La fragilità fisica della vecchiaia trascina con se quella emotiva. Si perde ogni spavalderia, ogni sicurezza. Non potendo più contare sul nostro corpo, si ha paura di tutto. Massimo Fini, Ragazzo. Marsilio, 2007.
Ho conosciuto Francesco Merlo una vita fa, nei lontanissimi anni del Corriere della sera dove lui scriveva editoriali con la matita appuntita, che sempre temperava perché non perdesse il graffio, e io contribuivo a metterli in pagina. Carlo Verdelli, Roma non perdona. Feltrinelli. 2019.
«Cosa pensi oggi di Bersani e D’Alema, tuo antico amore?», chiedo. «Oibò», esclama Claudio, «meriti ne hanno. Hanno traghettato il partito dal comunismo alla socialdemocrazia e, in alternanza con Berlusconi, governato il Paese in questo aspro ventennio. Alla fine però, si sono logorati. Da lustri non producono nulla di nulla, né un’idea, né un progetto. Non li frequento da anni ma li trovo intristiti, invecchiati male, senza serenità. Hanno il complesso di Atlante: pensano di portarsi il mondo sulle spalle, senza capire che il mondo li ignora e cammina per i fatti suoi». Claudio Velardi (Giancarlo Perna). Libero.
I giornalisti vanno a sfigurare in tv per farsi vedere perché ormai se non hai l’immagine, se non vai in televisione, se non sei un influencer non sei nessuno, anche se magari sei un grande giornalista. Questa gente vuole essere qualcuno, io non lo so perché, magari hanno una vita squallida. Natalia Aspesi (Arnaldo Greco). Linkiesta.
Fanfani frequentava la nostra casa di Portofino. Veniva a dipingere, e ci lasciava i suoi quadri. A casa nostra incontrò Maria Pia. Lei rimase stregata e ci annunciò: «Sposerò quest’uomo». Lui, all’inizio, pareva indifferente. Quando regalò il primo quadro pure a lei, capimmo che si era innamorato. Tre mesi dopo erano marito e moglie. Marida Recchi, 102 anni (Aldo Cazzullo). Corsera.

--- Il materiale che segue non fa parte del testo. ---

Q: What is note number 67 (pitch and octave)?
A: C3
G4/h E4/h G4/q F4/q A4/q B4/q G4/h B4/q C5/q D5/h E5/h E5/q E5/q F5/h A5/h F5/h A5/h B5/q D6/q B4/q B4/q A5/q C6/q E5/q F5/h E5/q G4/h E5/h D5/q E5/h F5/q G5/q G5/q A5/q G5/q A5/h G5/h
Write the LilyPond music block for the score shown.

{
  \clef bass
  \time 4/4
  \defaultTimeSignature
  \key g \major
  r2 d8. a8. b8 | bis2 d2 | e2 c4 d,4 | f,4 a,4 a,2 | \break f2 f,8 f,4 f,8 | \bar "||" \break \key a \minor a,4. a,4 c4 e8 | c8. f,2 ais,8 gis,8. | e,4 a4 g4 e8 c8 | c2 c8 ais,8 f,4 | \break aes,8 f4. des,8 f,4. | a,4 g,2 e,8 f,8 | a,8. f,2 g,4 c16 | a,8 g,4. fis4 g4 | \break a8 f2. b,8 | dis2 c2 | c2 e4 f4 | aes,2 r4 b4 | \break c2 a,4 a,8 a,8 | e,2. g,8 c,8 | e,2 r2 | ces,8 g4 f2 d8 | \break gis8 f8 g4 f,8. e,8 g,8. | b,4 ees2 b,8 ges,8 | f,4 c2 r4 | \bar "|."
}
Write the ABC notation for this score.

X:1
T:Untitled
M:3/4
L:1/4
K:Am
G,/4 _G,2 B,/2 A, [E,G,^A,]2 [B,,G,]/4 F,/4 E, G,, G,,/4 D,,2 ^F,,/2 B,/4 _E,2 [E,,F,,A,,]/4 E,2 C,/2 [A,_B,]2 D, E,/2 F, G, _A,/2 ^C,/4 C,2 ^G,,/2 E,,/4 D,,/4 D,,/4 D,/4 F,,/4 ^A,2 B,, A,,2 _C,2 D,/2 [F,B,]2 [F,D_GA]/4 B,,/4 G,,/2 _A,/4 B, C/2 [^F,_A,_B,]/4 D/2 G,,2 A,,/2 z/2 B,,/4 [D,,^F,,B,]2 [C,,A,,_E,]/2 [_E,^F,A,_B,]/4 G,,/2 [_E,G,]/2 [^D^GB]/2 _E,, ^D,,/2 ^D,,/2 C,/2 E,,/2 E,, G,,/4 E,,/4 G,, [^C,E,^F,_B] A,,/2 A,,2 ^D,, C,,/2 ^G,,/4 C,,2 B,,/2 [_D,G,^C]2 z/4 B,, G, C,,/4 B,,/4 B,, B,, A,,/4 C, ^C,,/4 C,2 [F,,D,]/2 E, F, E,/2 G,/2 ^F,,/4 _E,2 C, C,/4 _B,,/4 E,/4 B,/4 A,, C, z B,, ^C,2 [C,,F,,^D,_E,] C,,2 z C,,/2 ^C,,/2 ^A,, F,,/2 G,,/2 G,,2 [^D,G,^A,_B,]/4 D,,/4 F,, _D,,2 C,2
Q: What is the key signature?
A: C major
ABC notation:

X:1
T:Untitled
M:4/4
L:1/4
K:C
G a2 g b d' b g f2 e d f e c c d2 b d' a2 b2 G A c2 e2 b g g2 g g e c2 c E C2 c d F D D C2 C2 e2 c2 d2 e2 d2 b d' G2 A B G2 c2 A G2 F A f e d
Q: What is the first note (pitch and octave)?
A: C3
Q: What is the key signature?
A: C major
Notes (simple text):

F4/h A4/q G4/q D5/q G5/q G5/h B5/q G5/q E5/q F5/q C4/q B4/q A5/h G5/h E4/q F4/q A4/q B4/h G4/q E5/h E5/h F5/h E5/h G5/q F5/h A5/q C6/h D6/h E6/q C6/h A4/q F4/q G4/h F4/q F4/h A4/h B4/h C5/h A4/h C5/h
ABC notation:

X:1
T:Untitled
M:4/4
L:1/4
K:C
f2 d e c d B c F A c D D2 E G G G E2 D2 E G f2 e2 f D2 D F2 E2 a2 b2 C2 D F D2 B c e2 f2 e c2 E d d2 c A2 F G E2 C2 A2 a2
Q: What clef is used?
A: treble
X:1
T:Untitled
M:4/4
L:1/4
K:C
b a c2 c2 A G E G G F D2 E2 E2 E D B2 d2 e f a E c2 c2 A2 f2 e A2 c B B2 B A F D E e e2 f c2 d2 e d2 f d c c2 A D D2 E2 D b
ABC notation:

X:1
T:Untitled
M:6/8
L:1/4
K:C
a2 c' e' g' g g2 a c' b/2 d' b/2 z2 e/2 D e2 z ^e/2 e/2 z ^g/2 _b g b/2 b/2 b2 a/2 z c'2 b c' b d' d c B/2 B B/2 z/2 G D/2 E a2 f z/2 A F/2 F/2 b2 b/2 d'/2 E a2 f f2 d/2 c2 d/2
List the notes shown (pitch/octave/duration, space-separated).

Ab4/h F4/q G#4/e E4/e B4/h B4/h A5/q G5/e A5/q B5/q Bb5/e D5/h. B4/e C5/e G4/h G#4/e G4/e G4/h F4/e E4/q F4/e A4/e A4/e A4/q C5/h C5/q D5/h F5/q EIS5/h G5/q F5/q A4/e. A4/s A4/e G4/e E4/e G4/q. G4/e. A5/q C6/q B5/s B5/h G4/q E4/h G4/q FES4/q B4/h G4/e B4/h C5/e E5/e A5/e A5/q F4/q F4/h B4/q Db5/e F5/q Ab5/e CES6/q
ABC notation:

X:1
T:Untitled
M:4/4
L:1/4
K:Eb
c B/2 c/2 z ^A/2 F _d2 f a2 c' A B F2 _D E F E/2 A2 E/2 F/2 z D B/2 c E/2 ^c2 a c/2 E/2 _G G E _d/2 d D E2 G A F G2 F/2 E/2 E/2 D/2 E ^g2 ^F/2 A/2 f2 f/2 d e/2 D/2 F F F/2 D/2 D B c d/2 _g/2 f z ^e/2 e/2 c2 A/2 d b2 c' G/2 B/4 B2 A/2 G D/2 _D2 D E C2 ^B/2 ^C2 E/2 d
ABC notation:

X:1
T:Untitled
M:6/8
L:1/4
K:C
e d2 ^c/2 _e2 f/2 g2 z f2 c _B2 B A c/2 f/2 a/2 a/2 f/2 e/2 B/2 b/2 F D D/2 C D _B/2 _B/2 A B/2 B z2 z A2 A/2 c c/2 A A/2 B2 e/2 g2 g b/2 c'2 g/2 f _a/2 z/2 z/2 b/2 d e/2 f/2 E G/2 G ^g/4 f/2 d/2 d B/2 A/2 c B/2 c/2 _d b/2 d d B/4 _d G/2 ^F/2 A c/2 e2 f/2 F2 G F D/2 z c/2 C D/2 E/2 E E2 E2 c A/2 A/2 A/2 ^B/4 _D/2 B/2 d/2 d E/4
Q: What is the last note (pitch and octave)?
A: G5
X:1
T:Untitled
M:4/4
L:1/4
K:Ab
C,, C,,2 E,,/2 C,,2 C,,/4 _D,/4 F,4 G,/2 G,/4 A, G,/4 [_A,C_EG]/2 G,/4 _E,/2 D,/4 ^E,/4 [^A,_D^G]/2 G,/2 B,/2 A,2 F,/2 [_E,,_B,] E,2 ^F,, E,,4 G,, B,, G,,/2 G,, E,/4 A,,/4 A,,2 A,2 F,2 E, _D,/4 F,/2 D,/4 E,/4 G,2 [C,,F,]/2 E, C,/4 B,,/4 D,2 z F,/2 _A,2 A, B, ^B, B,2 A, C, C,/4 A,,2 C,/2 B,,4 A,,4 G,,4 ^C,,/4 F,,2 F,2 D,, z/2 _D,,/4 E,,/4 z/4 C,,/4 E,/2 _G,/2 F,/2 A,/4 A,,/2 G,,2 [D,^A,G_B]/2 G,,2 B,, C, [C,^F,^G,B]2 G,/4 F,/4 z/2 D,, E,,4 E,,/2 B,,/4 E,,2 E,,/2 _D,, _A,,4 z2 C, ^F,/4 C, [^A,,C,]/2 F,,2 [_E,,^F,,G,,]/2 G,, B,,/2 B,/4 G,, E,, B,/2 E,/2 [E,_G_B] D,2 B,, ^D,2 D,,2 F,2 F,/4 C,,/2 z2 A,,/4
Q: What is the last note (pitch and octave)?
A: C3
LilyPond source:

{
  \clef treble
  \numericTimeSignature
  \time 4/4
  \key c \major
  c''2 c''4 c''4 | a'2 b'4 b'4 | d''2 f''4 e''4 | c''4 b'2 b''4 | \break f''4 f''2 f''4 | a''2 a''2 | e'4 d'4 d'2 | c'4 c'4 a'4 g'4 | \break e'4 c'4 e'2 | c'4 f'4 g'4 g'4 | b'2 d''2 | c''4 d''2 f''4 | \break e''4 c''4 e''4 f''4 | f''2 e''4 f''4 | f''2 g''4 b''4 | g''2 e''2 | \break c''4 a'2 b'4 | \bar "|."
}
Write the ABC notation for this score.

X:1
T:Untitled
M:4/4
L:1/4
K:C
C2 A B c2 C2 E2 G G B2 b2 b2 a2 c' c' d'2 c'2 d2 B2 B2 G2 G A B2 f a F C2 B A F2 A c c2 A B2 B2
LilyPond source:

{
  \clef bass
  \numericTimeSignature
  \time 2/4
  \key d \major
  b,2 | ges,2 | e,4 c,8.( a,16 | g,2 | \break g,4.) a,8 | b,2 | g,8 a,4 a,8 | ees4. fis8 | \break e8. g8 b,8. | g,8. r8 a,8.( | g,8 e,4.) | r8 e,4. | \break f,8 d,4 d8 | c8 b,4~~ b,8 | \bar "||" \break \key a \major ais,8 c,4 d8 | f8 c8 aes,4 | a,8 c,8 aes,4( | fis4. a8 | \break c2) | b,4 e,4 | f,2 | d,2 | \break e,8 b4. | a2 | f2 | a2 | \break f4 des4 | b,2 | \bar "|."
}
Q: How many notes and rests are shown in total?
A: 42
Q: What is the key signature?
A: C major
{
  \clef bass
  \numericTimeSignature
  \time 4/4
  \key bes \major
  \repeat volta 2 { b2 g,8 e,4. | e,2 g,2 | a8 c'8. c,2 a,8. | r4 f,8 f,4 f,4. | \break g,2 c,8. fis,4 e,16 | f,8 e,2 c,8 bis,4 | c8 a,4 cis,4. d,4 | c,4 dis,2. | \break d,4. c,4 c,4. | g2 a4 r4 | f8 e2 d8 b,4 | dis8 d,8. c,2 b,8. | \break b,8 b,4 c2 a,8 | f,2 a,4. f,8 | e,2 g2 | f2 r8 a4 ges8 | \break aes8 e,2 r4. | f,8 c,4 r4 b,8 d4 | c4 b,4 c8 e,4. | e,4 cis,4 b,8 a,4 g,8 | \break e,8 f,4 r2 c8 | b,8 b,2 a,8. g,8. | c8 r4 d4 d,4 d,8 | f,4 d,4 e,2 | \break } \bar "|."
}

A maggio del 1943 frequentavo il liceo classico Manin a Cremona. Le scuole finirono di colpo, gli esami vennero aboliti, fummo tutti promossi. Che felicità! Invece arrivarono il 25 luglio e l’8 settembre. Il momento più duro, quello delle scelte. In classe eravamo 28: tre aderirono alla Repubblica sociale italiana, tre andarono sulle montagne a combattere, i restanti 22 si nascosero per non essere arruolati. Io feci la scelta sbagliata. Mi schierai con la Rsi. Volontario. Con la firma di mio padre: non avevo ancora compiuto 18 anni. Uscii sottotenente dal corso Impeto, pensi che nome, dell’Accademia militare di Modena. Noi in divisa, gli altri in borghese. Il nemico non lo vedevi, chiunque poteva spararti per strada. Fu una guerra sporca, vinta bombardando la scuola elementare di Gorla e uccidendo 184 fanciulli. Perciò la perdemmo tutti. Vezio Bonera, scrittore cieco, 95 anni (Stefano Lorenzetto). Corsera.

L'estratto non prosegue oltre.